Another problem is that the application is nowhere near being implemented, and the market is fed up with reinventing the wheel without creating value.

5. How to invest in the new normal

In the past, the focus of cryptocurrency investment was on timing (at the bottom of a big cycle or the start of a big market, when the big coins led the way and small coins all soared), but in the future, both timing and coin selection will be equally important (target screening is far more important than before)

It should also be made clear that the copycat season that everyone previously imagined would bring prosperity to everyone is actually likely to be limited to the leaders of the main narrative logic sectors, and most of the small coins will likely be a one-wave flow that comes and goes quickly.

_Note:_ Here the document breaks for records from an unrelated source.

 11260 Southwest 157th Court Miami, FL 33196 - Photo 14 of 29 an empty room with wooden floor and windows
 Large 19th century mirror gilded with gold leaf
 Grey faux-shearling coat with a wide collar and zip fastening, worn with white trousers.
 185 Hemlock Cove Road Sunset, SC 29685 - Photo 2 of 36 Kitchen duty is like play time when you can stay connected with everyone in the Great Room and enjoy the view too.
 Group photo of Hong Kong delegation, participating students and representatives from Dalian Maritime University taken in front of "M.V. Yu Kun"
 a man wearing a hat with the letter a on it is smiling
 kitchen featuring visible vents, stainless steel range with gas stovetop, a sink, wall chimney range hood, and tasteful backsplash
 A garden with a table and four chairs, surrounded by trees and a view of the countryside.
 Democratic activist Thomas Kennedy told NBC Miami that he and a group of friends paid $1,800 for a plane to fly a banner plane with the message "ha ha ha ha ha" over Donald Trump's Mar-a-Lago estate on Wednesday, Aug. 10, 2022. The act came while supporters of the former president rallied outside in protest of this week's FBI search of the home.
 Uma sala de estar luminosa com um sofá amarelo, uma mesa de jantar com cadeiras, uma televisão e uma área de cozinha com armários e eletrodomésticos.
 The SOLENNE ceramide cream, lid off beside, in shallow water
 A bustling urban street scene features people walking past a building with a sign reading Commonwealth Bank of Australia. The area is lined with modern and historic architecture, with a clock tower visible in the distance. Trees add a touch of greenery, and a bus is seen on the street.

6. If we combine this with the baseline scenario of limited easing in the next one or two years

Differentiated and structured markets may still appear, and the market breadth will also be partially expanded from extreme concentration to a small number of targets that have both certainty and growth.
Betting everything on the stock may not be a good choice. Lowering expectations and concentrating positions on a few stocks with strong consensus and high liquidity may be the safest option.